Query Generation in R

R users have been enjoying the benefits of SQL query generators for quite some time, most notably using the dbplyr package. I would like to talk about some features of our own rquery query generator, concentrating on derived result re-use.

Introduction

SQL represents value use by nesting. To use a query result within another query one writes the query to be used inside the query using the values. R query generators can also represent value use by nesting, but they also tend to expose a sequential pipe notation where value use is represented by sequencing.
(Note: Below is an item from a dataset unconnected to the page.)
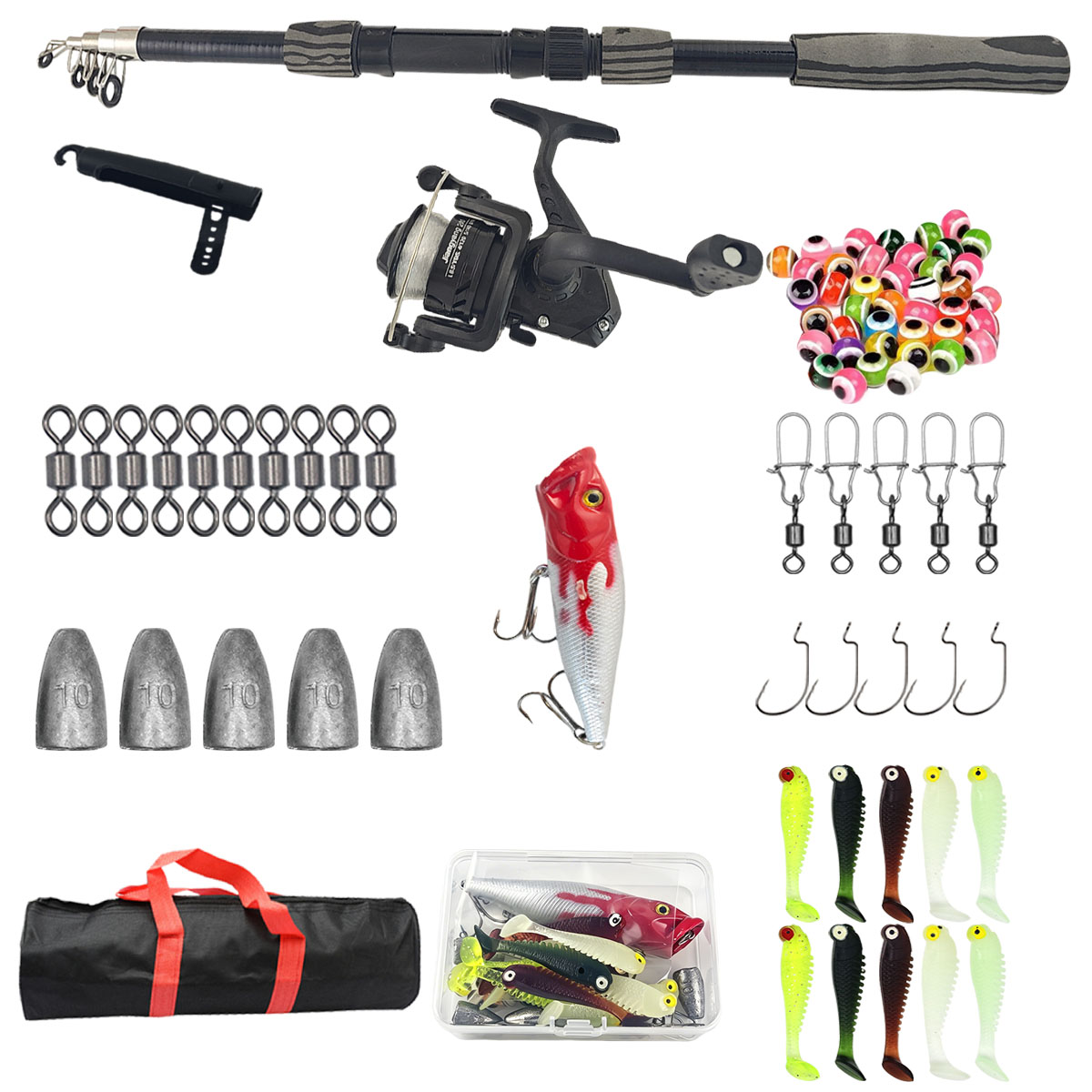 Fishing Lure Spinner - Kit Joran Pancing Teleskopik Portabel 1.8m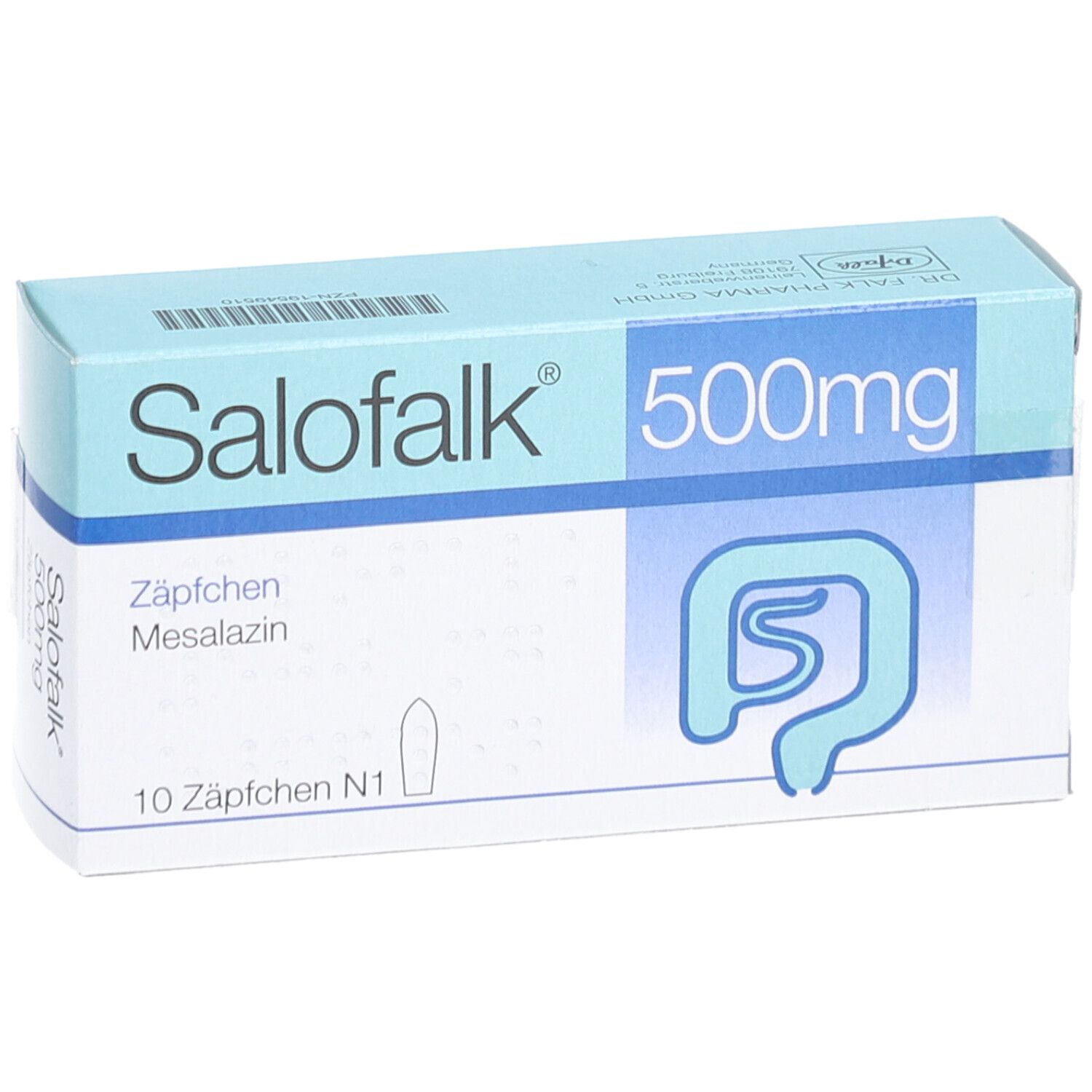 Hellblaue Schachtel mit Salofalk 500mg Zäpfchen. Aufschrift: Zäpfchen Mesalazin, 10 Zäpfchen N1. Logo: Darm-Symbol.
We will demonstrate this with an example.

library("rquery")

raw_connection <- DBI::dbConnect(RSQLite::SQLite(), 
                                 ":memory:")

db_rquery <- rquery_db_info(
  connection = raw_connection,
  is_dbi = TRUE,
  connection_options = rq_connection_tests(raw_connection))

d <- data.frame(x = -3:3)

d0 <- rq_copy_to(db_rquery, "d", d)
print(d0)
## [1] "table(`d`; x)"
ops <- d0 %.>%
  extend(., y = x^2 -1) %.>%
  select_rows(., x > y)

cat(format(ops))
## table(`d`; 
##   x) %.>%
##  extend(.,
##   y := x ^ 2 - 1) %.>%
##  select_rows(.,
##    x > y)

Notice how in the rquery operation we write operations one after another (using the dot-arrow pipe notation), and the operations are similarly printed.

Whereas the generated SQL is written in a nested format.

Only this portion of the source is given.